Tuesday, May 17, 2005
Forbes has an interesting article concerning the upcoming Ford Fusion, and "Jennifer", a fictional being who is supposed to represent your generic car buyer. I'm always skeptical of marketing schemes. I know that it is very possible to sell something with a clever ad campaign, witness milk and "Got Milk?". But in the auto industry I just can't remember the last time an ad campaign brought a lackluster car to successful sales. It's always been integral to the car itself whether it would be a success or not.
There was something else in this article that caught my eye:
Ford doesn't want to make [the Ford 500] mistake again with the Fusion. Its original--and safe--design mimicked the leaders in the midsize car segment, the Toyota Camry and Honda Accord. But in focus groups during the summer and fall of 2002 the car drew ho-hums from consumers. Around the same time, Ford designers finished their work on a striking new concept car, the Ford 427, that was being prepared for the 2003 auto show circuit. Insiders loved it, so in December Ford officials did the unthinkable: At the last minute they ripped up the Fusion's design. Its bland front end was ditched and replaced with the 427's signature three-bar chrome grille.

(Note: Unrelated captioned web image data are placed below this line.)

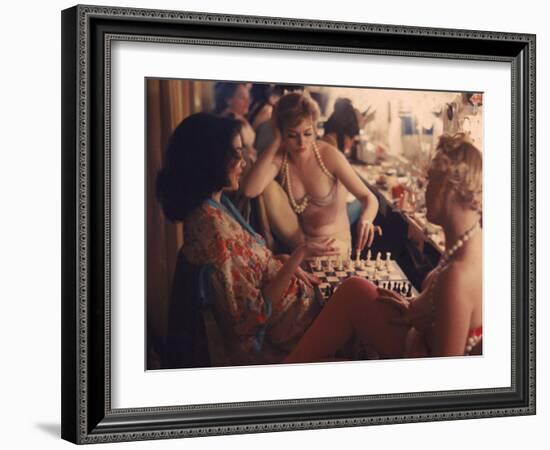 Showgirls Playing Chess Between Shows at Latin Quarter Nightclub-Gordon Parks-Framed Photographic Print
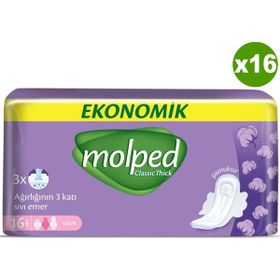 Molped Classic Thick Ekonomik Uzun 16x16'lı Ped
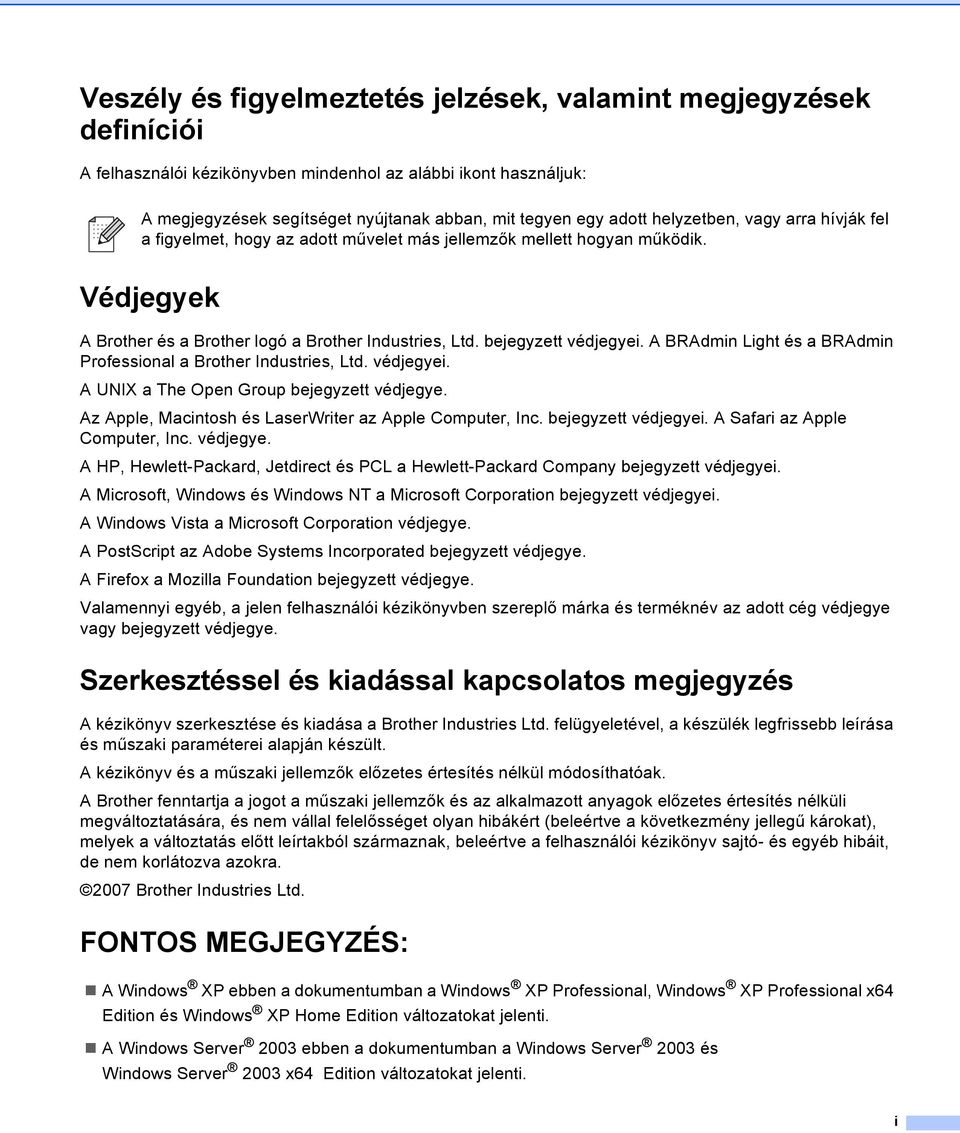 A BRAdmin Light és a BRAdmin Professional a Brother Industries, Ltd. védjegyei. A UNIX a The Open Group bejegyzett védjegye. Az Apple, Macintosh és LaserWriter az Apple Computer, Inc.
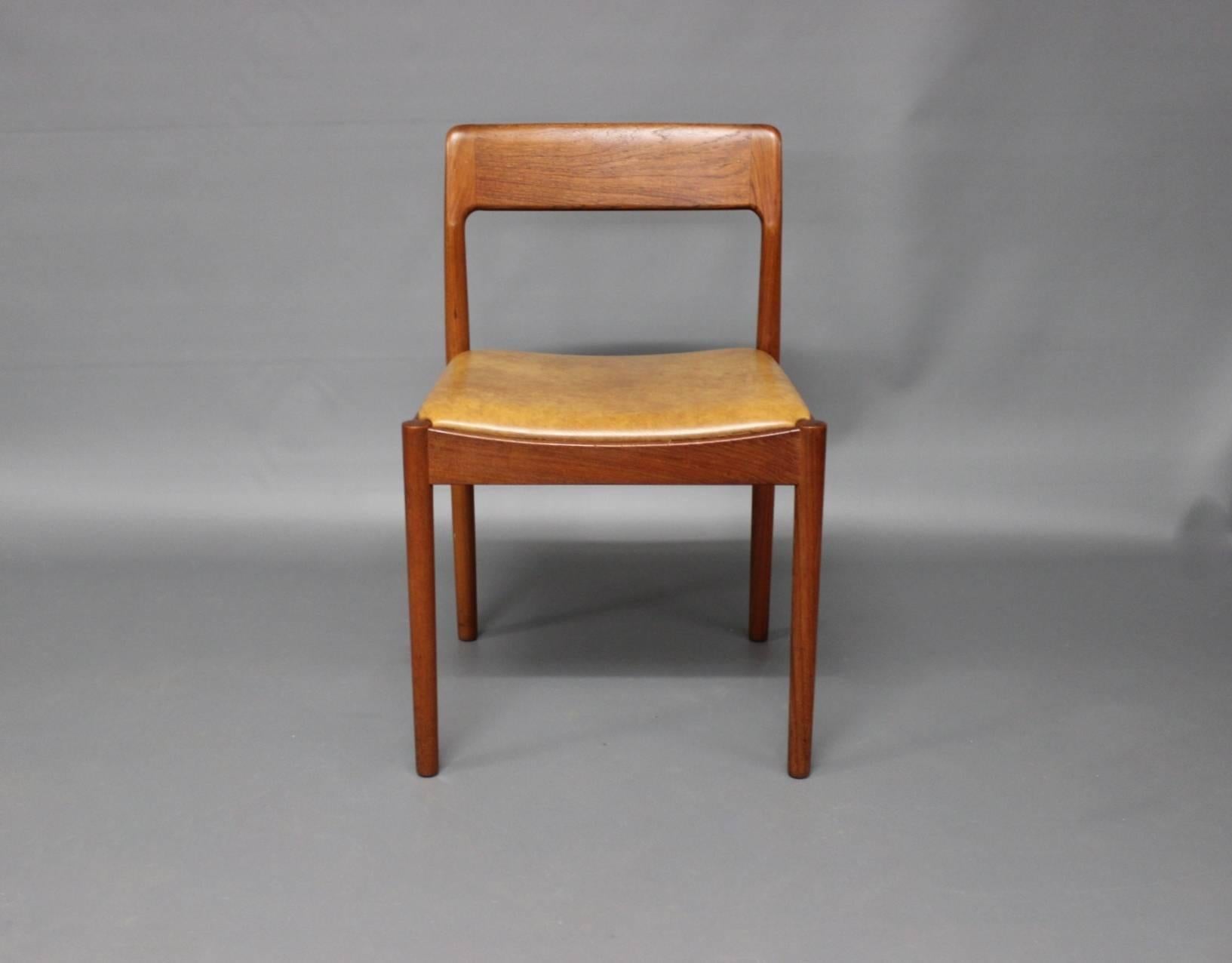 Scandinavian Modern Set of Six Dining Room Chairs in Teak by N.O. Møller, 1960s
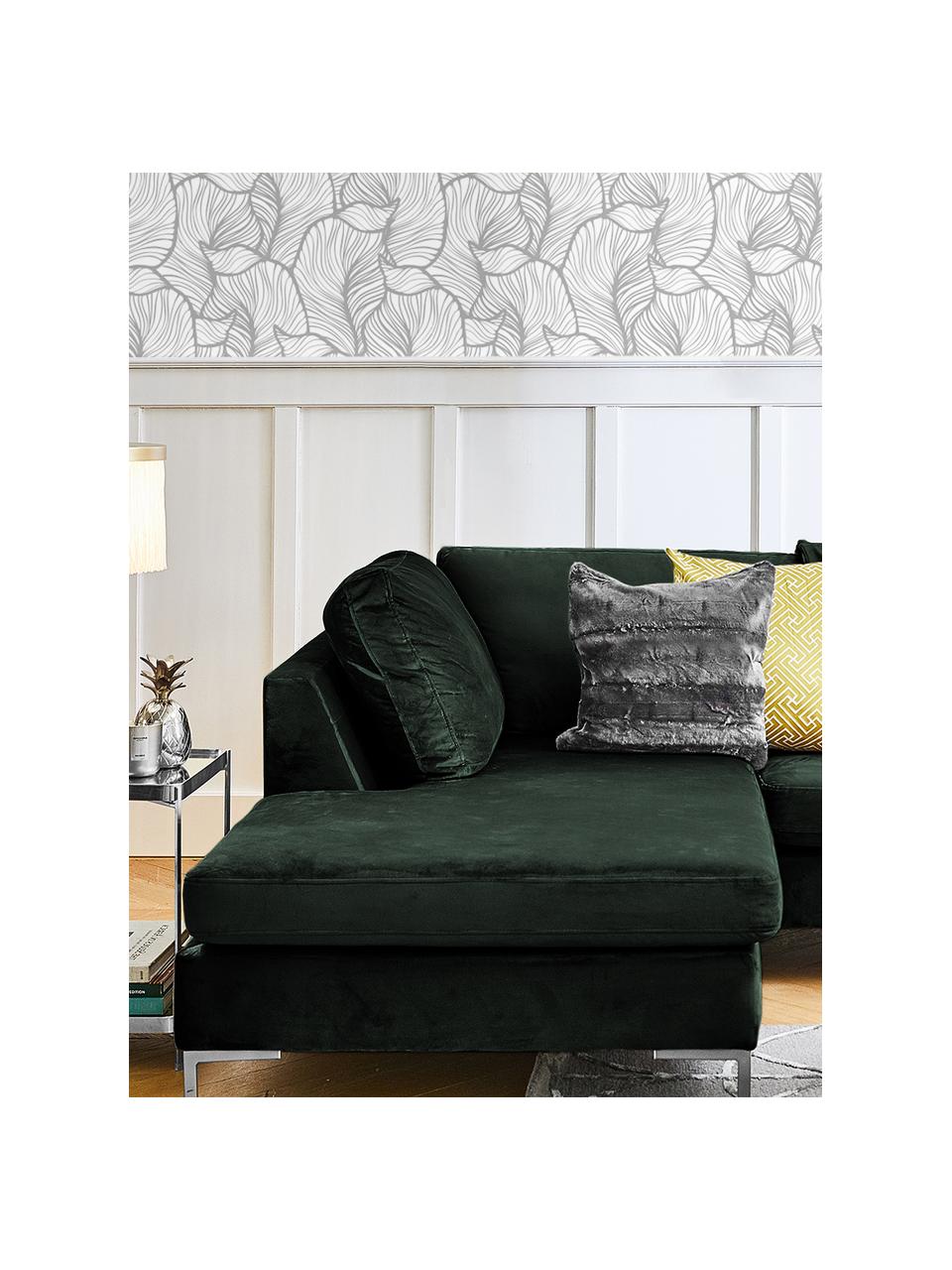 Samt-Ecksofa Luna, Bezug: Samt (Polyester) 80.000 S, Gestell: Massives Buchenholz, Füße: Metall, galvanisiert, Samt Dunkelgrün, Silber, B 280 x T 184 cm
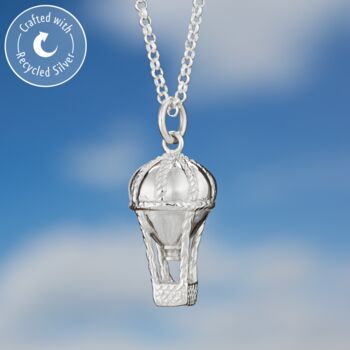 Personalised Sterling Silver Hot Air Balloon Necklace, 3 of 7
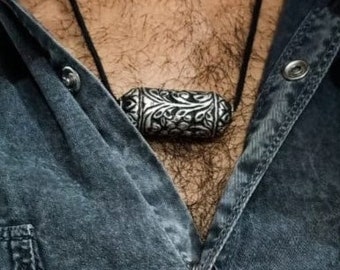 Antieke zilveren kralen Vintage kralen Tribal Sterling zilveren kralen medaillon geoxideerde hand gehamerd bloem kralen ketting kralen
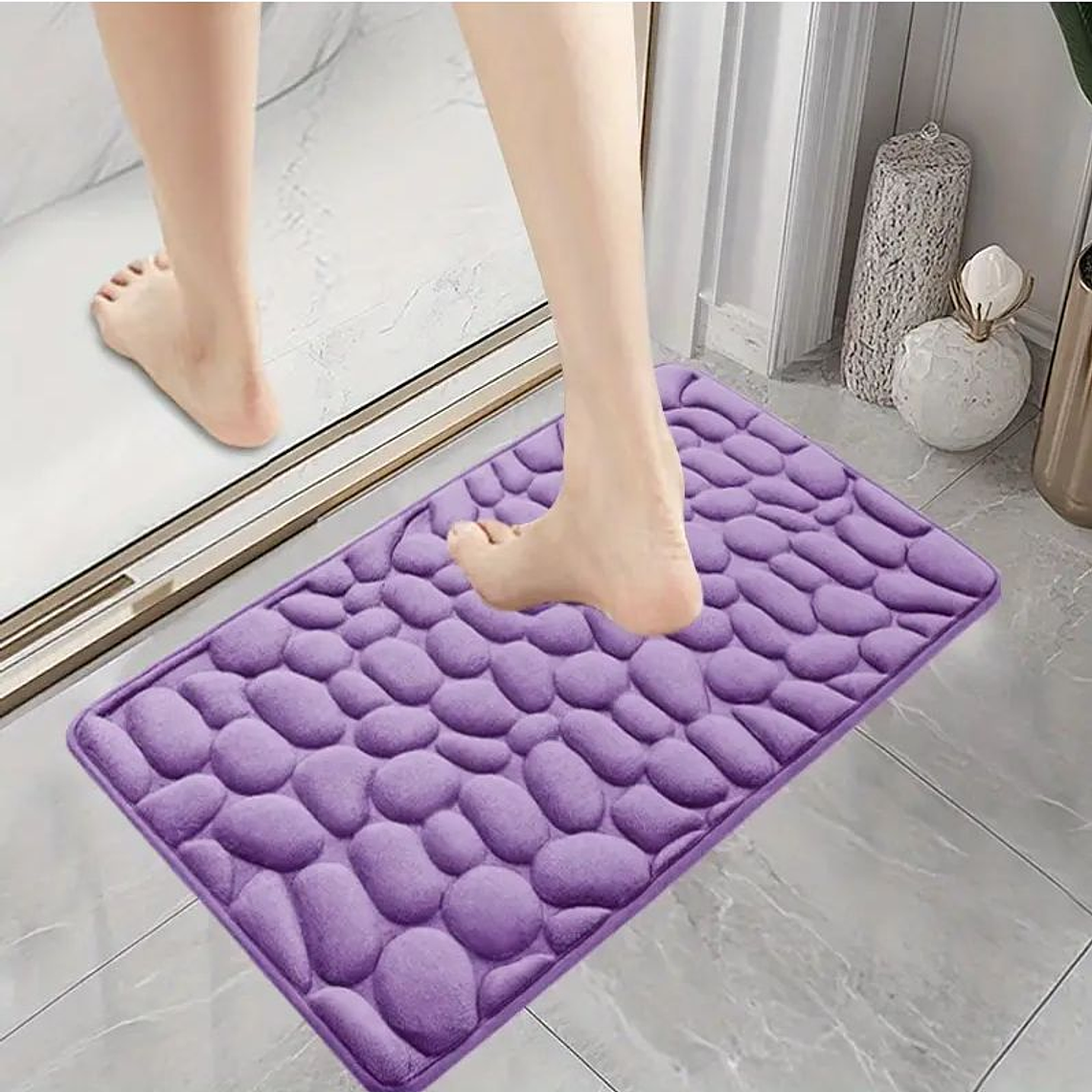 Set de Baño Lila 3 piezas Tapa Cotina Alfombra 2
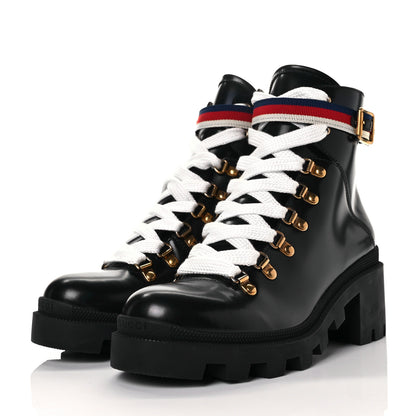 Gucci Calfskin Sylvie Web Womens Lace Up Combat Boots 39 Black 3 of 9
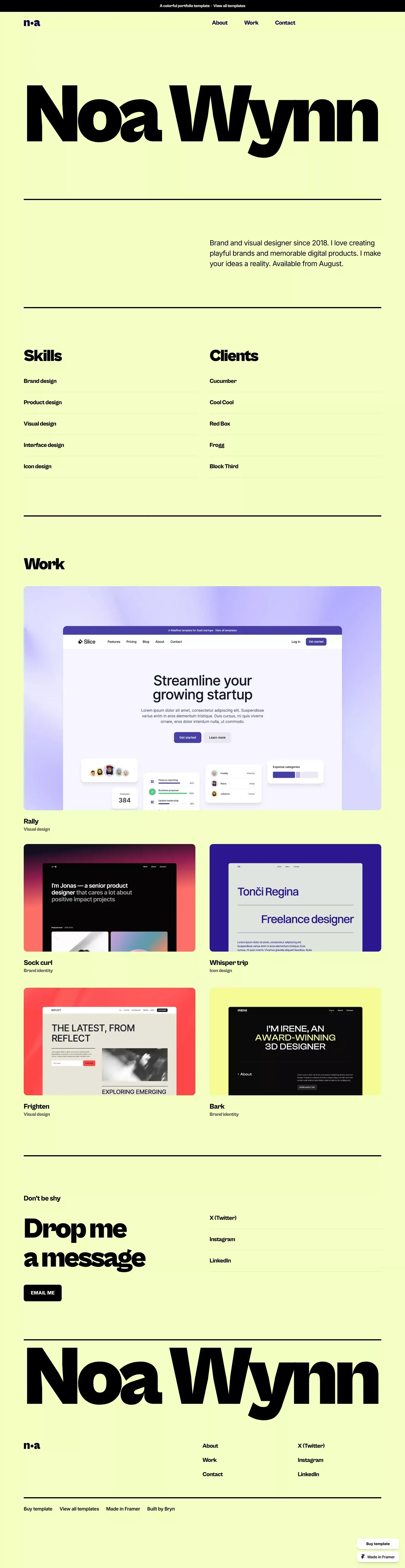 Noa Wynn - Portfolio Template for Framer portfolio page screenshot showcasing Design design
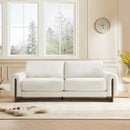 SOFA ESTACIONARIO DE DOS ASIENTOS EN TELA BLANCA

Outside of pricing for materials, if a concept car is popular and looks good, why not just copy it? Why tone it down? Ford is realizing that its biggest competitors, Toyota and Honda, have cornered the market of people who are not into cars and are looking for merely a transport machine that is reliable. The people who are left are those drawn to design who will only reluctantly purchase an Accord or a Camry. Ford has made the correct decision with the Fusion by allowing the design to bold and similar to the original concept.